穴に、あれを落とすの? それで、私が祈って大人しくさせればいいのね。
イメージはわかったので、頷くと、二人は顔を見合わせ、草をかき分け日光浴中の魔法草の円陣に後ろから飛び掛かった。
……とたん、魔法草たちの目がかっと開いた。
「わぁぁっ」
私は思わず後ろに飛びずさる。
さっき可愛いと思ったの、間違い! 顔、怖いっ。
耳栓越しに、空気が震えるのがわかった。
魔法草たちは、口を大きく開いて、たぶん叫びながら二本に分かれた根っこのような足を動かして四方八方に走り出した。それをステファンがシャベルを剣みたいにふるって、ライガが威嚇するみたいに動いて、走る方向を調整して誘導する。
だだだだだだだ
土埃を上げて、たくさんの魔法草が私の方目掛けて走ってくる。
私は思わず後ろに逃げた。
どどどどどどど
走ってきた魔法草たちは雪崩れるように穴の中に落ちた。
穴に落ちなかったのは横を通り過ぎて森に逃げ込んで行き、騒ぎは止んだ。
私は穴の中をのぞきこんだ。
落ちた魔法草は穴の中を混乱したようにぐるぐる走り回ってもみくちゃになっている。
……なんか、ちょっとかわいそう。
私は手を組むと目を閉じた。
……女神様、この穴の中で苦しむ彼らに安らぎを。
目を開けると、穴の中で魔法草たちはさっき日向ぼっこしてた時みたいに、目を閉じて大人しく足を折るように座っていた。
うん……、やっぱり、この顔なら可愛いかな……。
「”うん、すごいね。大人しくなってる”」
草藪から出てきたステファンが感心したように言ったので、私は得意な気持ちになった。
「”ふだんは、穴の中で暴れるのを一匹ずつ捕まえるのが面倒なんだよね””」
ステファンはそう言いながら腰から短剣を抜いて、それと薄い木の板を私に渡した。
「”首を切ってね。さくっと”」
彼は自分も短剣を出して、魔法草を穴から一本掴むと板の上に置いて、野菜を切るみたいにさくっと首……というか顔のところを切り離した。うん……、何ていうか、切り口もオレンジ色だし、にんじんですね。これは。
「”大人しくなってると楽だな”」
ライガはナイフを地面に置くと、狼に変身して、鋭い爪でさくっと首を切った。
耳栓がはずれて地面に落ちてる。
「"まだしてろよ、ナイフでやればいいだろ"」
「"こっちのが速い"」
二人がやり取りしている間に、私もさくっと切ってみようとしたけど、けっこう硬くてなかなか切れなかった。
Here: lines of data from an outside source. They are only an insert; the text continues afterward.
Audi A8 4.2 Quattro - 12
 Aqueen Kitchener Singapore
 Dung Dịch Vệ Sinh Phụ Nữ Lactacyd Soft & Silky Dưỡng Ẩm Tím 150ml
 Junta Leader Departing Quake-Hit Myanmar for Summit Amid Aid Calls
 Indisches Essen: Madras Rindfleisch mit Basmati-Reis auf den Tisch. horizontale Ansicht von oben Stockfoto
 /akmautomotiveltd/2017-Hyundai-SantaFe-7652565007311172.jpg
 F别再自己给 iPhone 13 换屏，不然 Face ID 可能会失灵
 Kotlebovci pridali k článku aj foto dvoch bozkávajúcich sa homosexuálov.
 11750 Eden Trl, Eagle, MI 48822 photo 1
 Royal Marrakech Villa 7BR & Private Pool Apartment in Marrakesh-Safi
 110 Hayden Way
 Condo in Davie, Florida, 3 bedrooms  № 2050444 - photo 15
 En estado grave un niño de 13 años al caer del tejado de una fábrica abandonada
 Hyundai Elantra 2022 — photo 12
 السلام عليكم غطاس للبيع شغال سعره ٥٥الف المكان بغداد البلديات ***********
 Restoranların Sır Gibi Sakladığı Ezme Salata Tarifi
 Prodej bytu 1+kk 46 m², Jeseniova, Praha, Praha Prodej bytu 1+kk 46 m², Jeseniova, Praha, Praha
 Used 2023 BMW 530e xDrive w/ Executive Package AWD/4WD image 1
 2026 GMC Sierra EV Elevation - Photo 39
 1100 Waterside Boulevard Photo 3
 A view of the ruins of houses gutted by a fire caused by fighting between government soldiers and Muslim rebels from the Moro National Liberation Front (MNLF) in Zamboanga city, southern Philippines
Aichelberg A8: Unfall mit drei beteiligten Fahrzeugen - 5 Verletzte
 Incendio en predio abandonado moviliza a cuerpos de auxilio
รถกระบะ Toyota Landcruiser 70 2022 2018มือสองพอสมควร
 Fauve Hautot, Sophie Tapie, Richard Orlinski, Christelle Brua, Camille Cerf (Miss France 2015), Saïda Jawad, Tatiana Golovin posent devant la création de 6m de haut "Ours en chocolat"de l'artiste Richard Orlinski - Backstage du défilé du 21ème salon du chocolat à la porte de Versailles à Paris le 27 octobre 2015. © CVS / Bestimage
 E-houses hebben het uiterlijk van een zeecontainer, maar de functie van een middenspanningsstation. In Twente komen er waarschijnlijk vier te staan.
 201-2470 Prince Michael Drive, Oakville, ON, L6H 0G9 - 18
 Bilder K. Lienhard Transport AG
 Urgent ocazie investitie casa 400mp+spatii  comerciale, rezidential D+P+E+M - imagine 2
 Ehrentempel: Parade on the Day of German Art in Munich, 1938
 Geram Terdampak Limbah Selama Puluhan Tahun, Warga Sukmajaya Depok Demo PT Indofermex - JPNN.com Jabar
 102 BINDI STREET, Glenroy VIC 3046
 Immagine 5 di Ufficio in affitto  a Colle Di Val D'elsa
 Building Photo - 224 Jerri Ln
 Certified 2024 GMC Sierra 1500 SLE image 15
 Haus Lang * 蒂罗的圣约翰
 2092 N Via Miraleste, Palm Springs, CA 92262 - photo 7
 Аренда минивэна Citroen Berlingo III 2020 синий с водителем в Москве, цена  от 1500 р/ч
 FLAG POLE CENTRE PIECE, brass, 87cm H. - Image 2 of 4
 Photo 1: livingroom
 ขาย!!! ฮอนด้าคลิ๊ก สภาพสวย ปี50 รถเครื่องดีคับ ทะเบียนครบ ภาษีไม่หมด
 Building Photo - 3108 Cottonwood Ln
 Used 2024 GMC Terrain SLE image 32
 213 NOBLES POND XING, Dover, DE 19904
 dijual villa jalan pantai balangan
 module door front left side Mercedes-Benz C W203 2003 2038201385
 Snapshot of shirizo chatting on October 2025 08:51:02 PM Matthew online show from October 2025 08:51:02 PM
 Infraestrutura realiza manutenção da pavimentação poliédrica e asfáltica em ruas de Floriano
二人とも力があるなあ。
「”こっちのナイフ使ってみる? 前後に動かすといいかも”」
ステファンがのこぎりみたいな、ギザギザの歯がついたナイフをくれた。
道具何でも持ってるからすごいなあ。
それをぎりぎりと前後にナイフを動かしたらやっと切れた。
そのとき、狼姿のライガがすんっと鼻を動かした。
「"何か、焦げ臭くないか?"」
私とステファンは顔を見合わせる。そういえばそんな気も……。
「"煙?"」
ステファンが立ち上がって遠くを眺めて呟いた。
そちらを見てみると、確かに細く白い煙が上がっている。
ステファンは耳栓を外すと、周囲をうかがった。
――すると、
ガサ……ガサっ
草むらの方から何だか音がする……。
「た、助け……て」
草藪の中から、傷だらけの男の人が這い出てきた。